More work in progress, but with limits

Although AI can allow more parallel work, my intuition tells me this can fragment the team's attention and complicate integration. It's tempting to have three or four features "in development" simultaneously because AI makes them progress quickly.

My current preference: Use AI to reduce cycle time per story, prioritizing fast feedback, instead of parallelizing more work.

Change in the type of mistakes we make

My observations suggest that with AI, errors can propagate quickly, generating unnecessary complexity or superficial decisions. A superficial decision or a misunderstanding of the problem can materialize into functional code before I've had time to reflect on whether it's the right direction.

Exploration: My intuition points toward reinforcing cultural and technical guardrails (tests, decision review, minimum viable solution principle).

About culture and learning

Impact on culture and learning

I feel there's a risk of over-relying on AI, which could reduce collective reflection. Human cognitive capacity hasn't changed, and we're still better at focusing on few things at a time.
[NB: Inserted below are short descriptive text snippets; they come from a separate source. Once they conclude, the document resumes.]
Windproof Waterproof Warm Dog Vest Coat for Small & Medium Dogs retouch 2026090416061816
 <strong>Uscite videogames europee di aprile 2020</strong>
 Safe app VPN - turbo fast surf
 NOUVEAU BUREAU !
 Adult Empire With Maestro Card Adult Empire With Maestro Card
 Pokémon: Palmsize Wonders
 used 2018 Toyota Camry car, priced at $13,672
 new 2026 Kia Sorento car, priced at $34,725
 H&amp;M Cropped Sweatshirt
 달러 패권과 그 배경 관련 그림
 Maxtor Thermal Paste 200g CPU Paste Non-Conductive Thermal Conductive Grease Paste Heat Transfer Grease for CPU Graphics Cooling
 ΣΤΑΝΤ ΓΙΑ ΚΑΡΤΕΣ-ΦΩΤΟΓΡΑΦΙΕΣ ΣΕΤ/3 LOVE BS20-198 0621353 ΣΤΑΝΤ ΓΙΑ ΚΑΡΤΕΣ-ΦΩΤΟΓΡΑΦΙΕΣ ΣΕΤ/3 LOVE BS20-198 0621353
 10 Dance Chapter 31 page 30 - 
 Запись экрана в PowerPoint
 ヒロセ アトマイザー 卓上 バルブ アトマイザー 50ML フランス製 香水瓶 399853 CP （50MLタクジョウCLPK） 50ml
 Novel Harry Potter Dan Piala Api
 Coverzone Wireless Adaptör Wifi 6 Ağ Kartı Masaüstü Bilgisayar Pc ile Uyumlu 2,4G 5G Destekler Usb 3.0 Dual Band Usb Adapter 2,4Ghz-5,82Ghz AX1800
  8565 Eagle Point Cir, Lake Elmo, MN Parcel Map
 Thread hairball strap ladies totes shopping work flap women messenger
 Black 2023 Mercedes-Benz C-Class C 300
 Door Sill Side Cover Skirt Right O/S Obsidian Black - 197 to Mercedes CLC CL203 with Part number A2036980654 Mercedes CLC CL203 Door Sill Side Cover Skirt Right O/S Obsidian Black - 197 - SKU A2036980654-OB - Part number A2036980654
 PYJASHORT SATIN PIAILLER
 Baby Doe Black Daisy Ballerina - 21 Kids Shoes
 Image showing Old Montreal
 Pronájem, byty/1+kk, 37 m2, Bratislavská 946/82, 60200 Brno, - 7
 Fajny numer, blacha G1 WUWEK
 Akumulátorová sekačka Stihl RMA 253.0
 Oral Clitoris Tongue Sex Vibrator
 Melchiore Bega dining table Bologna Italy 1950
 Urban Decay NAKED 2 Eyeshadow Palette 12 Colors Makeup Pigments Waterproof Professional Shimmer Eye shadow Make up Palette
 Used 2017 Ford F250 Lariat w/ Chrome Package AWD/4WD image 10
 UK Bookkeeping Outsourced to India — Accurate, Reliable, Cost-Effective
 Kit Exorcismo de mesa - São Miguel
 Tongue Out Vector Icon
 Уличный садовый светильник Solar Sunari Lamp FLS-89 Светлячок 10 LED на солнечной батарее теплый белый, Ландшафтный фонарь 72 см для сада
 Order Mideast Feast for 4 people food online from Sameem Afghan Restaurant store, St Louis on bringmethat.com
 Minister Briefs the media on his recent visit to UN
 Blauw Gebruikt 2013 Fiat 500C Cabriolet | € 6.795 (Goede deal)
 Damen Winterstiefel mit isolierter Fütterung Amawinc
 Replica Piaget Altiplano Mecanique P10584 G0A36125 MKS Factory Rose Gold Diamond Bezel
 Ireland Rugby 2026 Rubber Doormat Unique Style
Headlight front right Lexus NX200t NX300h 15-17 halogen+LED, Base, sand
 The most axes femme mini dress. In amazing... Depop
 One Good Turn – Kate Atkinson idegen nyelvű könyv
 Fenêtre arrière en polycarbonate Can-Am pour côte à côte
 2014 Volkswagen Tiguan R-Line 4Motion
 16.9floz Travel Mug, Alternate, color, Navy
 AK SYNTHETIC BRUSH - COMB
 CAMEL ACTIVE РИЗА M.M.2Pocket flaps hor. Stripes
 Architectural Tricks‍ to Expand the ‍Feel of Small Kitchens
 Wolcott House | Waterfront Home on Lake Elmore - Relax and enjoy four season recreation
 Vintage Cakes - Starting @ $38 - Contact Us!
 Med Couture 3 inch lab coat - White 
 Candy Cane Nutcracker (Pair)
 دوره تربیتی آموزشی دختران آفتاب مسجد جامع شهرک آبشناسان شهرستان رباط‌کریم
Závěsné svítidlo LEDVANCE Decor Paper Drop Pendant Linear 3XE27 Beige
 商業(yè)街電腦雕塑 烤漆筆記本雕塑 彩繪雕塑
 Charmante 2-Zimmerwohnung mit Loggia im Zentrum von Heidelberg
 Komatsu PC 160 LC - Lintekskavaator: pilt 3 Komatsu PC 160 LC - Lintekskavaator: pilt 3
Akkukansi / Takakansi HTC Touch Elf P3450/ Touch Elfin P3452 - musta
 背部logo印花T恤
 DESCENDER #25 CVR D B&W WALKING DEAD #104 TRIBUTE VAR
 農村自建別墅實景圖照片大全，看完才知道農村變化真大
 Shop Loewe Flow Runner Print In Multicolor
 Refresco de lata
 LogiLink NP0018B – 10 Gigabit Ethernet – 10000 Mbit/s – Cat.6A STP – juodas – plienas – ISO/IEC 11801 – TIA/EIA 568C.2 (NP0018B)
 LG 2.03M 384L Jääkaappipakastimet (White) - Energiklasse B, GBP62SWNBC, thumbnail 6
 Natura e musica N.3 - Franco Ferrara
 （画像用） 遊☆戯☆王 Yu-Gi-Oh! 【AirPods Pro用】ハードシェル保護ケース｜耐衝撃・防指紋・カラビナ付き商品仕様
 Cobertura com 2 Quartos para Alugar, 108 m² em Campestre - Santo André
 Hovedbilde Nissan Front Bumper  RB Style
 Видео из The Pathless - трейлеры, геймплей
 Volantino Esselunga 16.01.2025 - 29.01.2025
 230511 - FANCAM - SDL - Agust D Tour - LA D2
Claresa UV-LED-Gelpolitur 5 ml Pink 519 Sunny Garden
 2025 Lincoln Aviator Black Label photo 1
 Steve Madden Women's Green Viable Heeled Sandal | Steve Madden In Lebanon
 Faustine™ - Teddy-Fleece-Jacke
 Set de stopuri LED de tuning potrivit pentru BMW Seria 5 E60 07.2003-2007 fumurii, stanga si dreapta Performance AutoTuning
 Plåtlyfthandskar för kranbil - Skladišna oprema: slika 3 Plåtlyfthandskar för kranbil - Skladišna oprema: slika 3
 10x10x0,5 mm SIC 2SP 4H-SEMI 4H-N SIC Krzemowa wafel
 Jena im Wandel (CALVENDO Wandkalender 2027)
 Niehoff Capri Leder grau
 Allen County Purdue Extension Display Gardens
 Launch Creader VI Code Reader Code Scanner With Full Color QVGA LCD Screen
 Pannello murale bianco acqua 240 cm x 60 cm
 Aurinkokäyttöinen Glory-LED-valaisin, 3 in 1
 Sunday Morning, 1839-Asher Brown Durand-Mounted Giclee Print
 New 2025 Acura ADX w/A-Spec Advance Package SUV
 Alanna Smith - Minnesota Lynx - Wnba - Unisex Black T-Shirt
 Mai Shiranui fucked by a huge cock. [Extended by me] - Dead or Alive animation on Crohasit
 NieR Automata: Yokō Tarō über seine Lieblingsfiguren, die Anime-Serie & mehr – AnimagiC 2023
Working intuition: AI-assisted pair programming, ownership rotations, and explicit reviews of product decisions could counteract this effect.

Ideas I'm exploring to manage these risks

After identifying these patterns, the natural question is: what can we do about it? The following are ideas I'm exploring, some I've already tried with mixed results, others are working hypotheses I'd like to test. To be honest, we're in a very embryonic phase of understanding all this.

Discipline in Radical Elimination My intuition suggests introducing periodic "Deletion Reviews" to actively eliminate code without real impact. Specific sessions where the main objective is to identify and delete what isn't generating value.

"Sunset by Default" for experiments The feeling is that we might need an explicit automatic expiration policy for unvalidated experiments. If they don't demonstrate value in X time, they're automatically eliminated, no exceptions.

More rigorous Impact Tracking My experience leads me to think about defining explicit impact criteria before writing code and ruthlessly eliminating what doesn't meet expectations in the established time.

Fostering a "Disposable Software" Mentality My feeling is that explicitly labeling functionalities as "disposable" from the start could psychologically facilitate elimination if they don't meet expectations.

Continuous reduction of "AI-generated Legacy" I feel that regular sessions to review automatically generated code and eliminate unnecessary complexities that AI introduced without us noticing could be valuable.

Radically Reinforcing the "YAGNI" Principle My intuition tells me we should explicitly integrate critical questions in reviews to avoid speculative design: "Do we really need this now? What evidence do we have that it will be useful?"

Greater rigor in AI-Assisted Pair Programming My initial experience suggests promoting "hybrid Pair Programming" to ensure sufficient reflection and structural quality. Never let AI make architectural decisions alone.

A fascinating opportunity: Cross Cutting Concerns and reinforced YAGNI

Beyond managing risks, I've started to notice something promising: AI also seems to open new possibilities for architectural and functional decisions that traditionally had to be anticipated from the beginning.

I'm referring specifically to elements like:

  • Internationalization (i18n): Do we really need to design for multiple languages from day one?
  • Observability and monitoring: Can we start simple and add instrumentation later?
  • Compliance: Is it possible to build first and adapt regulations later?
  • Horizontal scalability and adaptation to distributed architectures: Can we defer these decisions until we have real evidence of need?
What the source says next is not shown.